Selection
When you run dbt-osmosis commands like yaml refactor
, yaml organize
, or yaml document
, you typically want to narrow the scope to some subset of models or sources in your project. This helps you:
- Focus on a subset of changes rather than the entire project.
- Speed up refactoring or documentation runs.
- Reduce noise or risk when iterating incrementally.
dbt-osmosis provides two major strategies for doing this:
- Positional Selectors (recommended)
--fqn
Flag (for advanced users or special cases)
1. Positional Selectors
Positional selectors are the non-flag arguments you provide after the command. They’re interpreted as paths or model names. The underlying logic tries to match each positional argument to:
- A model name (like
stg_customers
) - A file path (like
models/staging/stg_customers.sql
) - A directory path (like
models/staging
) - A file glob (like
marts/**/*.sql
)
In other words, anything that isn’t prefixed with --
is treated as a positional path or node name that dbt-osmosis will attempt to match against your project.
Example Commands
# Select all models in the models/staging directory
dbt-osmosis yaml refactor models/staging
In this case, dbt-osmosis processes all .sql
files recognized as dbt models in models/staging
. Similarly:
# Select only one model if the name is stg_customers and it exists
dbt-osmosis yaml refactor stg_customers
dbt-osmosis looks for a node with the exact name stg_customers
. If found, it processes just that single model.

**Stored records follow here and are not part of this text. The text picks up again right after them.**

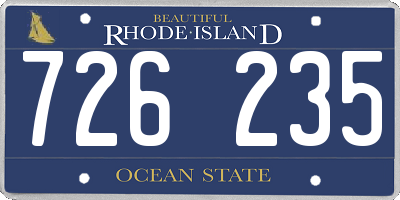 RI license plate 726235
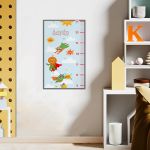 Wall stickers height measureanimals super heroes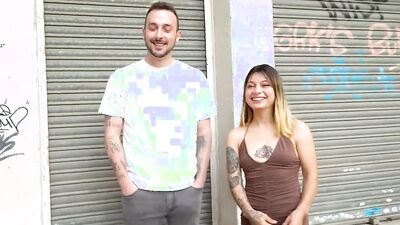 Amateur babe Aska shows us how much she likes public exhibitionism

If the name doesn’t match a known node, dbt-osmosis checks if there’s a path or file called stg_customers
. If that fails, no models are selected.
Using Globs
If your shell supports wildcards or recursive globs:
# Recursively select all .sql models in marts/ subdirectories
dbt-osmosis yaml refactor marts/**/*.sql
This is equivalent to selecting every .sql
file under marts/
at any nested level.
Absolute Paths
You can also supply absolute or relative paths. For example:
dbt-osmosis yaml refactor /full/path/to/my_project/models/staging/*.sql
If dbt-osmosis recognizes those .sql
files as part of your current dbt project, it will include them.

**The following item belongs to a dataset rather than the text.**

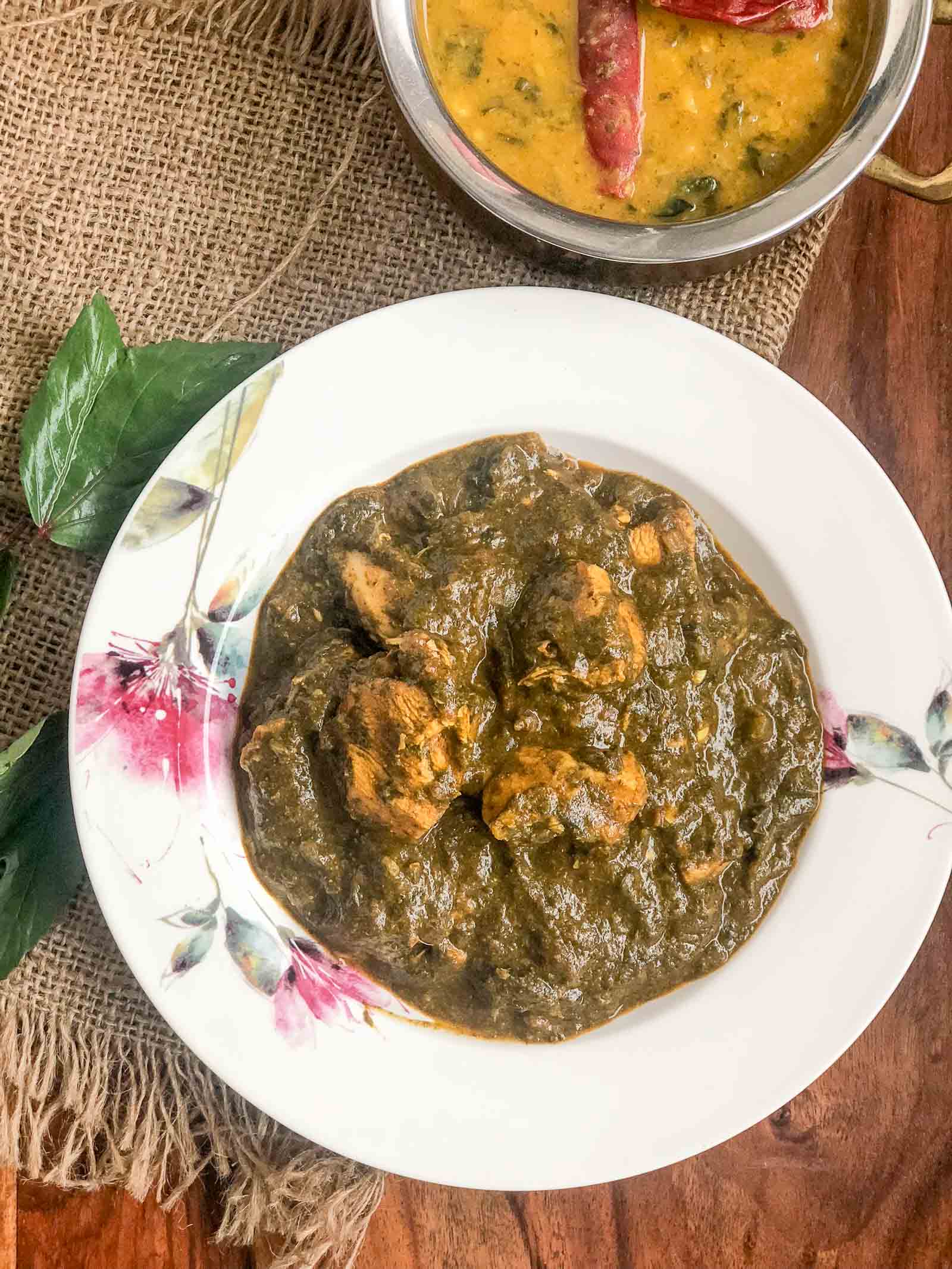 गोंगुरा चिकन करी रेसिपी - Gongura Chicken Curry Recipe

How dbt-osmosis Interprets Positional Selectors
- Exact Node Name Check: If the positional argument directly matches a known model name (like
stg_customers
), dbt-osmosis picks that node. - File or Directory Check: If the argument is a valid path (relative or absolute), dbt-osmosis includes all recognized
.sql
models beneath it (or the file itself if it’s a single.sql
). - Glob Expansion: If your shell expands the glob, dbt-osmosis picks each resulting path that maps to a dbt model.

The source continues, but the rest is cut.